Si eras un fan del jazz avant-garde en Billericay, podías encontrar otros aficionados con quienes hablar, hasta crear tu propia “comunidad” virtual. Y al no necesitar un espacio físico, no tenías que dejar el tuyo, no tenías que interactuar con nadie que no quisieras. Veinticinco años más tarde, los algoritmos de la red te suministran material basado en tus elecciones pasadas, sin noción de futuro, de crecimiento ni de desafío. Estamos siendo constantemente reafirmados, y nos sentimos bien, hasta que nos encontramos en el lado puntiagudo del Brexit.

Ya no quedan dudas de que durante estas dos décadas y media, esta atomización nos ha cambiado —el medio es el mensaje—, ayudando a crear un ambiente en el que fenómenos aparentemente desconcertantes como el Brexit y Donald Trump, y el mensurable aumento del narcisismo son perfectamente lógicos, si no inevitables. De hecho, el provocador documentalista Adam Curtis fue un paso más allá, sugiriendo en su nuevo documental HyperNormalisation que la nueva tecnología, lejos de haber causado la fragmentación que vemos y sentimos, simplemente ha amplificado un modelo de “individualismo radical” que se estaba desarrollando desde fines de los sesenta y que ahora es dominante.
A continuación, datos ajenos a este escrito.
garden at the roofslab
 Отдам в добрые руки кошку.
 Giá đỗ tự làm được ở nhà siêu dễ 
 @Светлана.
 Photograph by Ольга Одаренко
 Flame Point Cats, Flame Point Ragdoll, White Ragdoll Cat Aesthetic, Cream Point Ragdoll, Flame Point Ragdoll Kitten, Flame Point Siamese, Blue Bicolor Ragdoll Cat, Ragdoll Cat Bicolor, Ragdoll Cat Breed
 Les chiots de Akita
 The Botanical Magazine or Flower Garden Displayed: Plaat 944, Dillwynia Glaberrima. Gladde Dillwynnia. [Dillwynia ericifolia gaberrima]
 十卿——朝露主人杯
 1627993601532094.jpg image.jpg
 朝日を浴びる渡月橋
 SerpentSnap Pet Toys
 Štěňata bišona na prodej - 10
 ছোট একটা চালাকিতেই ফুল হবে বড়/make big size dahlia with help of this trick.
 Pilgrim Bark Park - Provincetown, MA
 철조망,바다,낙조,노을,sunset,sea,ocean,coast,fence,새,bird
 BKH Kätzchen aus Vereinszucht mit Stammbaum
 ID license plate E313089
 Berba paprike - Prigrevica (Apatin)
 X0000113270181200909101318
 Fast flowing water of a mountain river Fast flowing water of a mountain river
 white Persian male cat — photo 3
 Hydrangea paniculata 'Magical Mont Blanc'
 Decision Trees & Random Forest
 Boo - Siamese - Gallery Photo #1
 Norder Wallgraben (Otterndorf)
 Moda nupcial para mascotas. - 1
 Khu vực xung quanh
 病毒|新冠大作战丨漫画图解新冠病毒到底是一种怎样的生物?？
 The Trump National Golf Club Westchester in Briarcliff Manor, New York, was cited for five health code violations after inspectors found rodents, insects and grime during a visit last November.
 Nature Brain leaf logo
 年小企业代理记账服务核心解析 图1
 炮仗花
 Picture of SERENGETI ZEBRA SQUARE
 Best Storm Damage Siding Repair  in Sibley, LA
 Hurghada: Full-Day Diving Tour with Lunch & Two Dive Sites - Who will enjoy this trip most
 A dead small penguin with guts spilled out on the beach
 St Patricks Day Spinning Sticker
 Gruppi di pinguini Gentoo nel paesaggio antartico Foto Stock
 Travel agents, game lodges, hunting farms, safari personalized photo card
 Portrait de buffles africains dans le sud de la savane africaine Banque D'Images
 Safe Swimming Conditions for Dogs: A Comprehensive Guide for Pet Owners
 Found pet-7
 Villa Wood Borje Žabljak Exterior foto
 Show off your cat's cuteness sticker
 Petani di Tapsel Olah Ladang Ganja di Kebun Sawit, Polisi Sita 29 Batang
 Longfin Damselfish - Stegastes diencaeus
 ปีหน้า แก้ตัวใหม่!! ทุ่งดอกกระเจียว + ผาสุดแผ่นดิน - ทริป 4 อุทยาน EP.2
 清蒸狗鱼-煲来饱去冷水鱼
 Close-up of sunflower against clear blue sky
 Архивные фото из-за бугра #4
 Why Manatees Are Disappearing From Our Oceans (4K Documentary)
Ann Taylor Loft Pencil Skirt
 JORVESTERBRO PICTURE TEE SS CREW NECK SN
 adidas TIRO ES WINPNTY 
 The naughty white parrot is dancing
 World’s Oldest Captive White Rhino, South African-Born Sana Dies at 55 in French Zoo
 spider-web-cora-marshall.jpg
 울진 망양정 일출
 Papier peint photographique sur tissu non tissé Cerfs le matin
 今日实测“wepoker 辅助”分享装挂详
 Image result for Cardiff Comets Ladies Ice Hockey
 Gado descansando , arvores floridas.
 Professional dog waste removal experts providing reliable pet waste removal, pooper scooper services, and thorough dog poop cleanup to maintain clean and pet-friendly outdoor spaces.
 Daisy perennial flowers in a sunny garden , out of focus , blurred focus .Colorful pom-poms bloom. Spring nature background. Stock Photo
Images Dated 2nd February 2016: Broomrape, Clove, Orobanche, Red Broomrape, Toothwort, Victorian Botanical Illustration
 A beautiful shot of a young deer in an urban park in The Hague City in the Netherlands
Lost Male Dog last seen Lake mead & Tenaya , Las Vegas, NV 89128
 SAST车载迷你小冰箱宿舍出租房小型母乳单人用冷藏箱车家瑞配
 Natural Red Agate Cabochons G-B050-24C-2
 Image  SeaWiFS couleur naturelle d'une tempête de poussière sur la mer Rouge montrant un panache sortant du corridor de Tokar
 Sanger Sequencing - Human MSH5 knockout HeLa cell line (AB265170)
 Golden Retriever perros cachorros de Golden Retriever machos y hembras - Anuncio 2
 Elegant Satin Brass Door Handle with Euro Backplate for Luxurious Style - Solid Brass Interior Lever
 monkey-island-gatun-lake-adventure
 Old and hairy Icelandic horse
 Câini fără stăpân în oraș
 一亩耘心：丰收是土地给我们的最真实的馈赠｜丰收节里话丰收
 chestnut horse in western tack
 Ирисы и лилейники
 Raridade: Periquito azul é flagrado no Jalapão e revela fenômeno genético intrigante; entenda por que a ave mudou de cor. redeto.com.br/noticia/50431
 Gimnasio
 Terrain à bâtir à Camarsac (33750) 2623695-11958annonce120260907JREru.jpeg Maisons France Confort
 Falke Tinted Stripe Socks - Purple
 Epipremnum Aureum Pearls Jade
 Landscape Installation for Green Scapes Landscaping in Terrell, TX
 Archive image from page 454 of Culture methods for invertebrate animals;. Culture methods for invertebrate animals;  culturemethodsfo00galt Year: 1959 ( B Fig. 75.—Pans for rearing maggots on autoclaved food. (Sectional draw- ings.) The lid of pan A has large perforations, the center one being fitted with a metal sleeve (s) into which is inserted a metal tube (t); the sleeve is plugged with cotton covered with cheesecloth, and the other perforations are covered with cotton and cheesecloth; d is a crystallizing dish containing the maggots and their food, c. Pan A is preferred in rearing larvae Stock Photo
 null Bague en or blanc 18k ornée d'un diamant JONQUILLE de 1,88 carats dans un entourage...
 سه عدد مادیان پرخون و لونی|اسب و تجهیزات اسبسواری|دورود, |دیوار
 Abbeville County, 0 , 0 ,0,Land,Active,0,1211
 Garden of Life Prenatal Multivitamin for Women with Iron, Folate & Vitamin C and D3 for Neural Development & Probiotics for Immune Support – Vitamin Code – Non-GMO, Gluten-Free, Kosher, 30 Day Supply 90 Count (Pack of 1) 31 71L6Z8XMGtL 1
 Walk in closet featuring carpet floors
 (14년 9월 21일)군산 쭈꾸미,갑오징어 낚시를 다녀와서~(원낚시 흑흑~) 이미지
Según este modelo, una reacción comprensible al mal uso del poder por parte de los líderes de los 50 y 60, la verdad hacia uno mismo se convierte en la verdad única y definitiva, con la expresión personal como transmisor y la preferencia personal como único árbitro.

Se dice que con las nuevas tecnologías podemos anticipar lo positivo pero estamos ciegos ante lo negativo. ¿Puede la elección personal ser algo negativo? Cuando me senté a escribir mi libro Moondust, que me llevó a contactar con los (entonces) nueve hombres vivos que han caminado sobre la superficie de la luna, una de mis preguntas fue por qué algunos de ellos se habían retirado al regresar a la Tierra, dedicándose a nuevas carreras encantadoramente sorprendentes, y otros no.

En retrospectiva, creo que aquellos que veían sus logros no como éxitos individuales sino como la parte visible de un esfuerzo colectivo y compartido fueron más capaces de integrar sus experiencias en sus vidas de forma productiva. Así que, en mi opinión, el sentimiento más empoderador y liberador que puede tener un ser humano es sentirse parte de algo más grande que ellos mismos, algo que los vuelve menos importantes como individuos, con todo lo que implica respecto de la limitación de las elecciones personales.